◆ RECORDS PROVIDED ◆

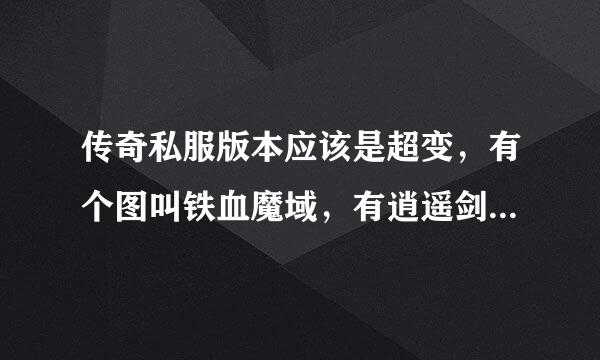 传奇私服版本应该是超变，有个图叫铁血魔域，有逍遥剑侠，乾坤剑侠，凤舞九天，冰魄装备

* * *

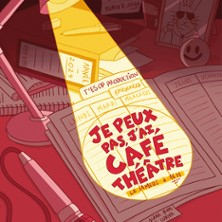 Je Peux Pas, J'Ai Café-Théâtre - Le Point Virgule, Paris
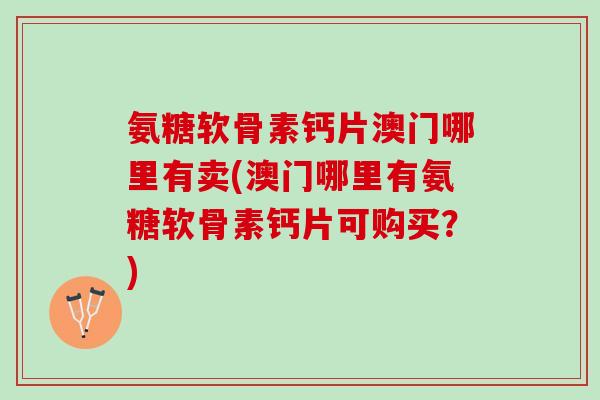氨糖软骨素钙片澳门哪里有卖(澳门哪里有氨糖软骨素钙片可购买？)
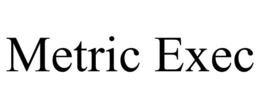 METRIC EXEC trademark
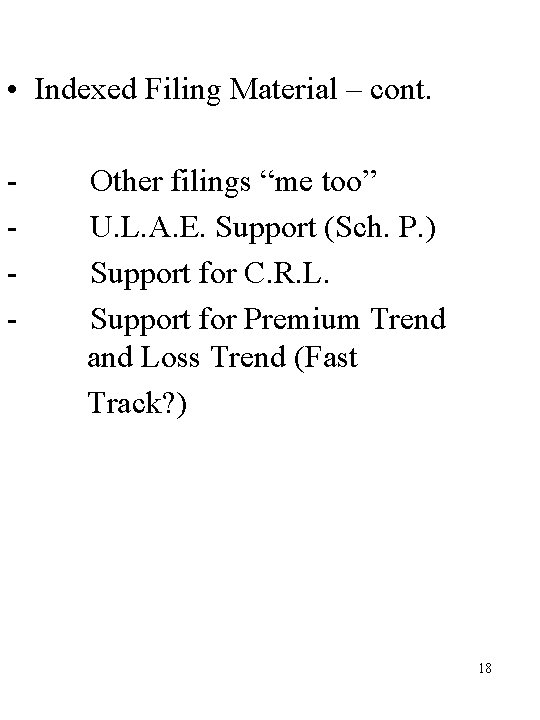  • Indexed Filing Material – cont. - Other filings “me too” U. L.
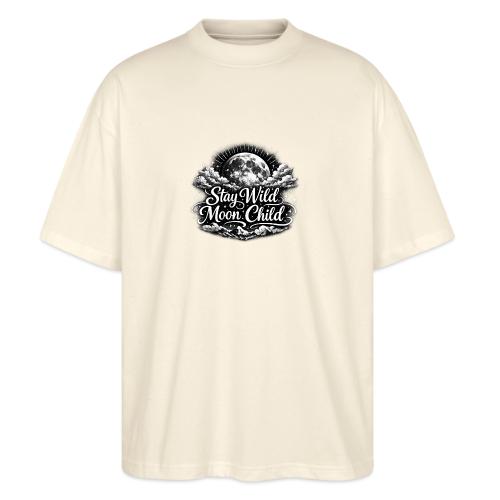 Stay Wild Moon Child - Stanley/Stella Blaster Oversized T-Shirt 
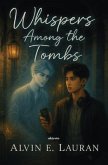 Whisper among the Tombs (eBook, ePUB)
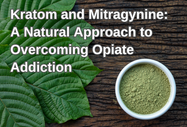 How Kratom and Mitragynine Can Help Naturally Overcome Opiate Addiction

◆ AIM OF THE TASK ◆
An exact copy is needed. It runs from the line above containing "Whisper among the Tombs (eBook, ePUB)" down to the line containing "How Kratom and", both included, with no pictures.

◆ TASK RESPONSE ◆
 Whisper among the Tombs (eBook, ePUB)
 How Kratom and Mitragynine Can Help Naturally Overcome Opiate Addiction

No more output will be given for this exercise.